POSTED: Friday, August 3, 2012, 9:15 AM

For the past 60 years or so, residents of Cheltenham's La Mott neighborhood, just across the city line from Philadelphia, have been tending to their plots within a 1.8-acre community garden. For the past three years though, the La Mott Community Garden has been the source of not only a harvest that feeds gardeners and Philly and Montgomery County food banks, but also growing frustration with Temple University. That's because Temple owns the land — having picked up the deed for these and about 12 more acres for $1 back in 1933 — and now wants to sell it, most likely for development.

Stephen McWilliams, a documentary filmmaker and Villanova University film professor, has spent his Saturdays for the past year filming the gardeners and following their attempts to win the property, alternately by donation, sale or conservation easement.
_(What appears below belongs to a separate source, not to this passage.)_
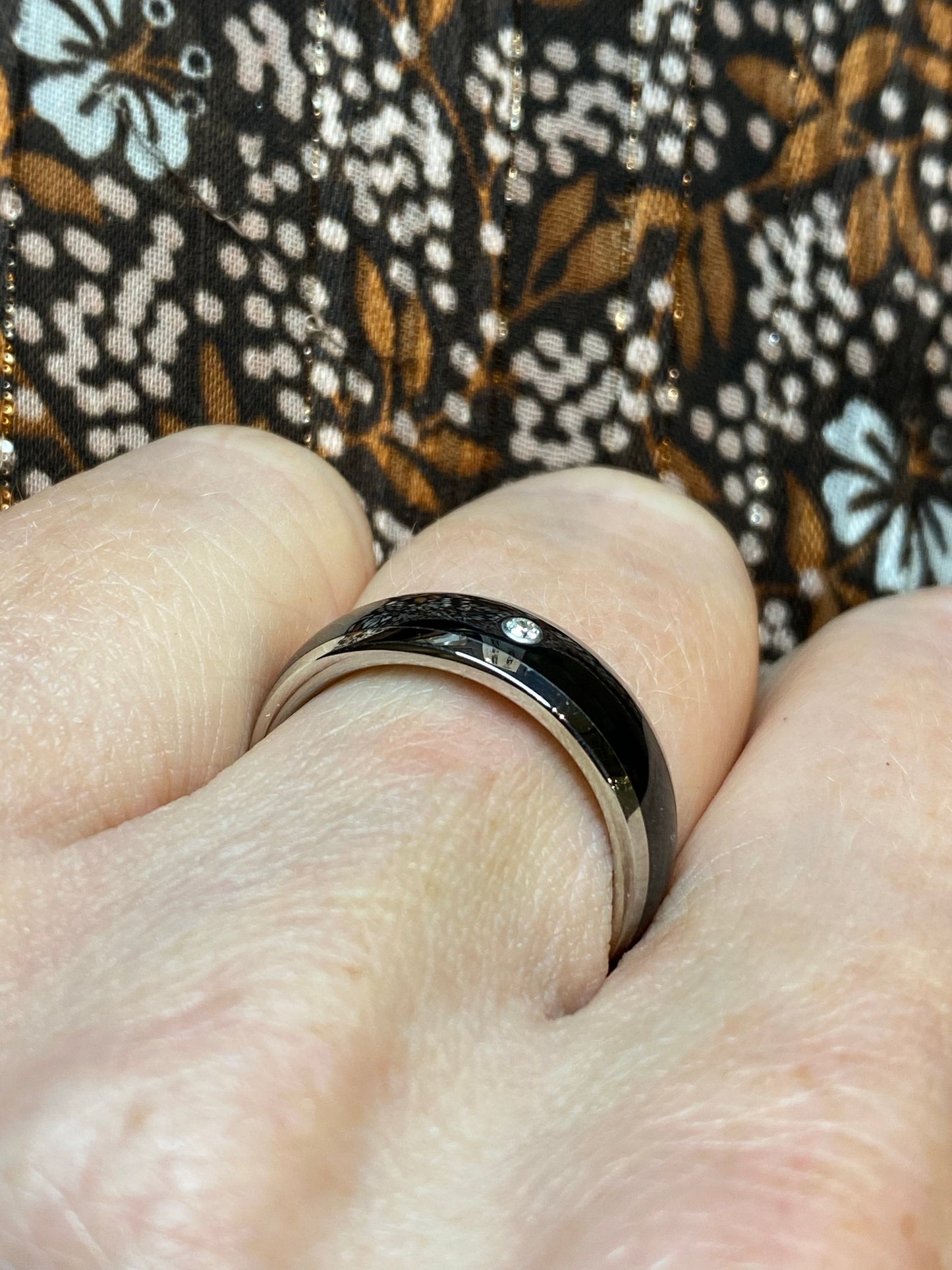 Steel Ceramic Emotion Band - John Ross Jewellers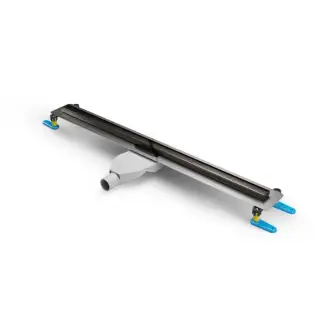 Душевой трап NEW TRENDY GUNMETAL BRUSHED 90 см OL-0094 (оружейная сталь)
The film, called Sacred Soil, is showing at the African American Museum of Philadelphia this Sunday at 2 p.m.

McWilliams says the film is an advocacy effort. But more than that, it's the story of Diane Williams, gardener, president of La Mott Civic Association and determined activist. "The film is about one woman's quest to exercise her democratic rights to protest and save a historically significant piece of land." (Significant, he says, because the site once contained Fort William Penn, the first training ground for black soldiers in the area, and housed a stop on the underground railroad.) "It raises some issues that are always with us about development versus preservation and what's valuable. Temple is a big player in Philadelphia and they keep expanding and expanding. And it's a good thing they're reclaiming a lot of neighborhoods that are really undervalued and decayed. But this is a situation where they could give this away and they wouldn't miss it."

Williams has been working in the garden with the 65 other community members, mostly retirees, for the past six years. She's the type of person who can put a positive spin on anything -- even the unyielding denials by Temple University of the gardeners' requests. (She sees it as progress, because the gardeners have been able to move forward with a new idea following each rejection.) "We really do feel as though we'll get the garden; it's only a matter of time. It will take time though! I had no idea it would take three years."

Williams says the property where the garden lies could easily be separated from the larger plot, and that the land trust Neighborhood Gardens Association is willing to take on the lot. But Williams knows it won't come easily, and anyway, she and her fellow gardeners are used to adversity. "The most amazing thing about this entire garden effort is we have no running water. People bring the water from home, in jugs, they carry the water in here. When you look at how green it is in here, the life in here, it's just amazing."